Leer desde #1: El Comienzo
Troya Domínguez pelea con un supuesto monje de la secta que aterroriza a toda la población. El Enviado, con el brazo herido, logra reducir al chiflado, que busca suicidarse para no ser capturado. En la confusión, el joven de brazos inmensamente largos se distrae y el asesino toma el control, listo para rematar al limeño en el suelo.
Listo para terminar con todo, el asesino cruzó miradas con el Enviado del Padre en la Tierra y el golpe no llegó más. Con los ojos llorosos, el chiflado arrojó una queja gutural al aire y dio unos pasos para atrás. Con toda su fuerza, tiró el facón de Domínguez dentro del patio donde estaba la entrada del túnel y empezó a correr. A la pasada, levantó la lanza con la punta que metía miedo y, desde el suelo, Troya lo vio irse con una ligera renguera en su pierna herida, que no llegó a frenarle el tranco tanto como al limeño le hubiera gustado.
Molesto por el dolor nervioso, que nacía en la herida del brazo, pero se esparcía por todo su cuerpo, el subteniente se paró como pudo y fue a buscar el facón.
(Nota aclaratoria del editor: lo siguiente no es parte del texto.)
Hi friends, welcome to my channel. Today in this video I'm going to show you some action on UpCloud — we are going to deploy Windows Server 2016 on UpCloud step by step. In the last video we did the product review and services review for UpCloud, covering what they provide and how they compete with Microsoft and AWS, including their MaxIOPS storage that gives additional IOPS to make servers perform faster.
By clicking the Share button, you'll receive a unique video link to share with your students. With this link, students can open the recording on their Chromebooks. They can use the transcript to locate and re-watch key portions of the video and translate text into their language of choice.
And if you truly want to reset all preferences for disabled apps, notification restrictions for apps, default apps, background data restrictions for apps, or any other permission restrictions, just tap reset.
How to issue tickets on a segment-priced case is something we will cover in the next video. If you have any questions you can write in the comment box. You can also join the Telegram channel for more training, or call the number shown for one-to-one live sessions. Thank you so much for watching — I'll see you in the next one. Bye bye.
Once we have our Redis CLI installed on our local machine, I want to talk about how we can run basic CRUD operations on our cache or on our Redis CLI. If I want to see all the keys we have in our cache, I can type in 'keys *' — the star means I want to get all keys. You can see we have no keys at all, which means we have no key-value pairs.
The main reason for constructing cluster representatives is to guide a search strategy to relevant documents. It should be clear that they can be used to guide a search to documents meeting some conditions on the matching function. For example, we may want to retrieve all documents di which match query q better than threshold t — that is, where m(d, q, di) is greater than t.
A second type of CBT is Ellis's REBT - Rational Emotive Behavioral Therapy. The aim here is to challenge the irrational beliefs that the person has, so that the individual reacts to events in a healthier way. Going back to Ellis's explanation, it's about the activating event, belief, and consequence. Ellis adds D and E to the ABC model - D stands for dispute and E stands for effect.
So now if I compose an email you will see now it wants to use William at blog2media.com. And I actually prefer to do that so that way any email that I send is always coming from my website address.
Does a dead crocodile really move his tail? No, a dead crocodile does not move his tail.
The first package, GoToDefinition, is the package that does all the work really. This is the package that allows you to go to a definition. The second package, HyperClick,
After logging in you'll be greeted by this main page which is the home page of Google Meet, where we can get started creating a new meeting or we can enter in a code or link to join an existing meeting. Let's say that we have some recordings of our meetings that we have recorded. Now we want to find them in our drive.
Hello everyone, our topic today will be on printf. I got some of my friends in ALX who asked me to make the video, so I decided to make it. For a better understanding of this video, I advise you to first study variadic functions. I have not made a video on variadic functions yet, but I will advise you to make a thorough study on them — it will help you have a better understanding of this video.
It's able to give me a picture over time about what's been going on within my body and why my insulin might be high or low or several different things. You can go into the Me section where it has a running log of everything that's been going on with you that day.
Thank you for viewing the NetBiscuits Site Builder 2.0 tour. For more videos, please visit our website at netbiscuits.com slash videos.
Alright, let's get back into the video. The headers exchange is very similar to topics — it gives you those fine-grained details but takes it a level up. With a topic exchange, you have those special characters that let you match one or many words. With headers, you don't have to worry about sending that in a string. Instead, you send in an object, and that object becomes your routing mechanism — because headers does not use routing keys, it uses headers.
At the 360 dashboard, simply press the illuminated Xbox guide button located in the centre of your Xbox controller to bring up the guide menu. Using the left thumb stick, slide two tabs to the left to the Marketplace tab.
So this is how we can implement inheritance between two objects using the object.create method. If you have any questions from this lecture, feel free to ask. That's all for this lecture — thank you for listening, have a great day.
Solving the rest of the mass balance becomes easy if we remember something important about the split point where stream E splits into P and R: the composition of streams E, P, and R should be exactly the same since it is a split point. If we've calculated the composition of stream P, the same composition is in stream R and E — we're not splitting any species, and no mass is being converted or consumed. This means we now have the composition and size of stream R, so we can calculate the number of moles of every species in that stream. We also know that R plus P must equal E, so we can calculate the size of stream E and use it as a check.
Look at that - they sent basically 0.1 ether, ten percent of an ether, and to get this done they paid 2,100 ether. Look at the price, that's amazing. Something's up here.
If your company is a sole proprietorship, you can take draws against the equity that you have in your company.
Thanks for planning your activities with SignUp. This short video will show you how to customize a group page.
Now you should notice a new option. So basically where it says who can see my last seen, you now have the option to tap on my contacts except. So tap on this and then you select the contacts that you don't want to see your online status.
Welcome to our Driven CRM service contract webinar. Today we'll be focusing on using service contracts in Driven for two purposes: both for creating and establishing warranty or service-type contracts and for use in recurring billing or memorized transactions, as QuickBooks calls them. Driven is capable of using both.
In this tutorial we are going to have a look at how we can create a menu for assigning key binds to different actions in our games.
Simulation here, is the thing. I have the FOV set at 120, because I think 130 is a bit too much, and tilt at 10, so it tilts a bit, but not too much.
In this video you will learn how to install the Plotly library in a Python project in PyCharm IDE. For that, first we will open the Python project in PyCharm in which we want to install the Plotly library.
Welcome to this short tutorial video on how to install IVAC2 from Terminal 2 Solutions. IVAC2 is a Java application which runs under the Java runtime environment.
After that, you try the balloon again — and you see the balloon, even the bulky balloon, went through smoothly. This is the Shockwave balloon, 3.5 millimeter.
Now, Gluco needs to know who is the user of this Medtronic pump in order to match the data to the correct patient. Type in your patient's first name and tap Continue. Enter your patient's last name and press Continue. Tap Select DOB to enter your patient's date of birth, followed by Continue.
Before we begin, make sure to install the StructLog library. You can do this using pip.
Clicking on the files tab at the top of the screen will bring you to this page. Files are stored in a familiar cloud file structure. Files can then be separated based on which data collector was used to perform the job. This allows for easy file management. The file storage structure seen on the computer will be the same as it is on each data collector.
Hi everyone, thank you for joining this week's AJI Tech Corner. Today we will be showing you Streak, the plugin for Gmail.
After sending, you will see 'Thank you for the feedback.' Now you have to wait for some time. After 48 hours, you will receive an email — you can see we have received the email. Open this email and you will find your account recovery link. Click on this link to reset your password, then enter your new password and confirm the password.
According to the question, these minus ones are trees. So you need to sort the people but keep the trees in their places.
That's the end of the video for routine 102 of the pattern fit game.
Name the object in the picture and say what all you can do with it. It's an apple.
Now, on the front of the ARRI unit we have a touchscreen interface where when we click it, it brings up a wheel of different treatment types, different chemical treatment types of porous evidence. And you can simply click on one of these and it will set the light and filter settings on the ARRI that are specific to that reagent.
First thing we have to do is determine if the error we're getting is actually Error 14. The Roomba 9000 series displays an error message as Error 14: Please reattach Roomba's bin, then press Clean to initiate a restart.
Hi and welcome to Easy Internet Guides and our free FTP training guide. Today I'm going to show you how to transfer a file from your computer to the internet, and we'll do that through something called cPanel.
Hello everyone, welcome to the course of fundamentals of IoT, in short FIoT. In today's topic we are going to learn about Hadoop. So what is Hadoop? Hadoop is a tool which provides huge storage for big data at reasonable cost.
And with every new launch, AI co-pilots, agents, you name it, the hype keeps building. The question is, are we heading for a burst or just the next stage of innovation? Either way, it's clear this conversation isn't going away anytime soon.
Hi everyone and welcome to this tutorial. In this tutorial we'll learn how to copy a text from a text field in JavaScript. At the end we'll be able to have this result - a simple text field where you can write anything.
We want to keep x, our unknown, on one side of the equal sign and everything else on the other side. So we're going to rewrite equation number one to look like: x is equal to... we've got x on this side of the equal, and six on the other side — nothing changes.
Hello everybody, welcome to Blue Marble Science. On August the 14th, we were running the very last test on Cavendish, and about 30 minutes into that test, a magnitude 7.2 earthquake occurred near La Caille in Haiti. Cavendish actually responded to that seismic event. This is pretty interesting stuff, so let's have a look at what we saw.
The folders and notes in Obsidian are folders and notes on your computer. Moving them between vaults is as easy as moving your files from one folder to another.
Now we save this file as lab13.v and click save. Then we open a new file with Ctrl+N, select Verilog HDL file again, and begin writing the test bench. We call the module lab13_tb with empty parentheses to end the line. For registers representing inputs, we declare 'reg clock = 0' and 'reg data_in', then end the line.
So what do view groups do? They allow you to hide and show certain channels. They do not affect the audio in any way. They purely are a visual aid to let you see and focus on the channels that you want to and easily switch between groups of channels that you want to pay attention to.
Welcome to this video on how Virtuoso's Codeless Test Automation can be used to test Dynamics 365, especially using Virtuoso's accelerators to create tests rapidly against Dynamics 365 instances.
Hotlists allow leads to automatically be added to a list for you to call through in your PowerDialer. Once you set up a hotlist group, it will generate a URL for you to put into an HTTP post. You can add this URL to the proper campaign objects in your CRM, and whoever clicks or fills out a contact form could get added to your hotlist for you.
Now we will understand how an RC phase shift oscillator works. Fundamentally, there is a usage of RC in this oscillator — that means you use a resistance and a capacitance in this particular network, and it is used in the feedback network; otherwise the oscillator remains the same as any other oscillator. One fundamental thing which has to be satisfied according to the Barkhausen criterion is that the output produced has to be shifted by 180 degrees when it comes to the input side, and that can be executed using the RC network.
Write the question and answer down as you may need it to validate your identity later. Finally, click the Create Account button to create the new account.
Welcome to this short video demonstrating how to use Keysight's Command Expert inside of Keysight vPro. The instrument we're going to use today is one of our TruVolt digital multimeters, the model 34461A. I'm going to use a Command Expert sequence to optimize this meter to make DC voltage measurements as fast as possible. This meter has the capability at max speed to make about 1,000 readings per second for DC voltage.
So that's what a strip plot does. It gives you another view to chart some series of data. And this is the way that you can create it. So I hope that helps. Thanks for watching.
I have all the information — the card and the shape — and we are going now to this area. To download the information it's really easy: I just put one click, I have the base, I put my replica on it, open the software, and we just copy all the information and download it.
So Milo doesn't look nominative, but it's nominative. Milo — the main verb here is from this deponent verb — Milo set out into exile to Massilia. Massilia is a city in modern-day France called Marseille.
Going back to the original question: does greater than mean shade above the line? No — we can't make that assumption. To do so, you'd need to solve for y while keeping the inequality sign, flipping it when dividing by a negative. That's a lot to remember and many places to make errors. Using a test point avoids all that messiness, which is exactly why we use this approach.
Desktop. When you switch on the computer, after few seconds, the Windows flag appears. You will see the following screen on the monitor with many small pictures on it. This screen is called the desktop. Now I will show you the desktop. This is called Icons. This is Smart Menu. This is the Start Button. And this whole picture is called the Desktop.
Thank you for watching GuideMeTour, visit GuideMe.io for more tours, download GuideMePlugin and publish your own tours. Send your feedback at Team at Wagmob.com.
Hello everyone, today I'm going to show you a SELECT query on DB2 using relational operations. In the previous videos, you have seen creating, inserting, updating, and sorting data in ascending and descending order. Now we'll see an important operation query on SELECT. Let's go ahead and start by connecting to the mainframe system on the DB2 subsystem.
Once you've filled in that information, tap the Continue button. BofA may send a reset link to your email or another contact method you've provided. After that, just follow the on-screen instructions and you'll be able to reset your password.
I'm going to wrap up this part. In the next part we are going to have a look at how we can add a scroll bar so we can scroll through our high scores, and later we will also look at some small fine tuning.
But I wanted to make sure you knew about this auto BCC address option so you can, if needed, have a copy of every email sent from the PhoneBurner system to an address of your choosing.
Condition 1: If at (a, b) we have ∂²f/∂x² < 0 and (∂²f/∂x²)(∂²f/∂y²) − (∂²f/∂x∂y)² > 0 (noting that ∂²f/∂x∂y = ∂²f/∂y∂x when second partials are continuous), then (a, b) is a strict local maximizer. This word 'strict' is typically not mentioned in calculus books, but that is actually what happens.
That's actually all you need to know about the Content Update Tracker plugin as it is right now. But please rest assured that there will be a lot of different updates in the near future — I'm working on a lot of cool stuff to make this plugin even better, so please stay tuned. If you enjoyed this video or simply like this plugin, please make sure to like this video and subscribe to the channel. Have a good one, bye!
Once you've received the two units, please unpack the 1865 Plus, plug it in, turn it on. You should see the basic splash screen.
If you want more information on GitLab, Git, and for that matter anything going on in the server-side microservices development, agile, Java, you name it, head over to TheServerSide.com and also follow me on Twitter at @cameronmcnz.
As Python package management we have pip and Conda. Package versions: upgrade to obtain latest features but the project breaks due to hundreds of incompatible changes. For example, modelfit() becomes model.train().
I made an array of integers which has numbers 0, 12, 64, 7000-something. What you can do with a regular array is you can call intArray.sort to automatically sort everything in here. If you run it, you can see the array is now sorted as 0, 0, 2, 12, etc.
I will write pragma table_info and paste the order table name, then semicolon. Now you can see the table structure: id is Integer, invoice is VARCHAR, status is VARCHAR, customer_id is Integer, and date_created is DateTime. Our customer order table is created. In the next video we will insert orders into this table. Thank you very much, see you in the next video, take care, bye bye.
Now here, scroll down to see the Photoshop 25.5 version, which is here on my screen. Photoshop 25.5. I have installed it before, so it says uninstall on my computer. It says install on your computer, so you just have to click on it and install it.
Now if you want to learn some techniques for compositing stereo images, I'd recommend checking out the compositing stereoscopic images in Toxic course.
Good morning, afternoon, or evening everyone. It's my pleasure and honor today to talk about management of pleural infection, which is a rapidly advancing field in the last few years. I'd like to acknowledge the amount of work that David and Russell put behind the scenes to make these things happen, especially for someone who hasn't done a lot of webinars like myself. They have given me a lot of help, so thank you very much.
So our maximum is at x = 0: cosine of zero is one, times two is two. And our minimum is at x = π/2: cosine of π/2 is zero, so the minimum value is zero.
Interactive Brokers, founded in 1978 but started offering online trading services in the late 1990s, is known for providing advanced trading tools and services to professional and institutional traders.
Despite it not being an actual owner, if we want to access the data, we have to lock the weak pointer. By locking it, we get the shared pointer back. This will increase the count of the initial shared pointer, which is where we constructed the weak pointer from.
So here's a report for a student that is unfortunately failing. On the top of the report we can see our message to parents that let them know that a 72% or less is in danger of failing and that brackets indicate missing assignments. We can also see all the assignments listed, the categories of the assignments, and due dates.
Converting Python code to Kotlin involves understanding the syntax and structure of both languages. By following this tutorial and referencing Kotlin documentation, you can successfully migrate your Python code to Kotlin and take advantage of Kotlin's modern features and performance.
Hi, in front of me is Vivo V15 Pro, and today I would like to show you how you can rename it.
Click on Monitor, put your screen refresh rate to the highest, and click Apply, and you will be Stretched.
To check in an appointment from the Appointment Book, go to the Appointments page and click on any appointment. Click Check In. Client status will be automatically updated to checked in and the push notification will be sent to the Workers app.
Desarmado, capturar al hábil lancero era posible. Lo imposible surgía cuando, a la ecuación, el limeño agregaba sus pretensiones de sobrevivir. Dentro del patio, el brillo de la hoja afiladísima le ayudó a encontrar su arma canabinera con bastante facilidad y dejarlo listo para perseguir, otra vez, al chiflado del pelo geométrico.
Al llegar a la esquina, Domínguez descubrió dónde estaba. Era territorio limeño, como había supuesto, pero, si le hubieran dado veinte oportunidades, jamás hubiera adivinado que estaba a media cuadra de la ventosa calle Brown, a demasiados pocos metros del lugar donde había empezado su jornada, en esa fría mañana de posguerra.
A menos de cien pasos, el monje rengo avanzaba hacia la Terminal, donde el subteniente podría pedir refuerzos a la Compañía de Motorizados o a su propio puesto de Infantería “Tripa y Corazón”, que estaba pegado al Taller General.
Con renovadas fuerzas, Troya apuró el tranco y todo parecía indicar que lo alcanzaría inminente, pero, al llegar al lugar donde el arroyo Napostá salía de abajo del asfalto, el chiflado saltó al vacío. Sorprendido, el subteniente siguió corriendo. Conocía de sobra el arroyo que atravesaba su Villa Rosario natal como para saber que, desde la calle hasta el agua, había unos cuantos metros y que, con una lluvia como la de los últimos días, la corriente arrastraría a cualquier ser humano como si fuera una bolsa de papas. Eso sin contar que, en pleno junio, agua e hipotermia eran casi sinónimos.
Al llegar al borde, Troya notó que el plan de los chiflados seguía sumando sofisticación: una especie de colchoneta esperaba el salto del prófugo, del que no había rastro alguno. En esa parte, el Napostá volvía a la superficie, luego de haber estado entubado varios kilómetros bajo el asfalto bahiense, por lo que el loquito de la lanza tenía dos opciones: bajar al aire libre y a la vista de todos, siguiendo el cauce del arroyo, o luchar contra su corriente, las ratas, los perros, los vagabundos antisistema y los soldados limeños, hasta llegar al Paseo de las Esculturas, ya en territorio de la Liga Democrática.
En definitiva, con estos hijos de puta no se podía saber, así que era una cuestión de instinto y Troya optó por bajar la corriente. De alguna forma se convenció de que, si se equivocaba, podía avisarle al Chivo Larralde o al propio Gordo Yebra y rastrillar el arroyo entubado desde cada extremo. Si bien las relaciones con los democríticos no eran de los mejores, ellos habían tenido tantas bajas a causa de la secta como los limeños, por lo que hasta podrían aportar hombres a la búsqueda.
Tanta reflexión fue inútil porque, pocos metros más adelante, Troya pudo divisar al loquito de la lanza, subido a un sólido bote de madera que, por su tamaño, esperaba transportar a más personas. El chiflado llevaba levantada la capucha del uniforme robado, ocultando un corte de pelo que hubiera llamado la atención en cualquier limeño. Sobre todo, en un soldado bolivariano, que no se caracterizaban por ser estrafalarios.
Domínguez volvió a la calle. Sabía que metros más adelante estaba el puesto fluvial, que no era más que una construcción precaria de madera con algunos kayaks y botes de poca manga y calado mínimo, que se usaban para enviar provisiones a la inundada localidad de Ingeniero White, aprovechando, cuando las lluvias lo permitían, la corriente del arroyo. En el puesto, comandado por el suboficial Mario García, podría conseguir una embarcación, un arma de fuego, dar la alarma general y, con suerte, algún refuerzo.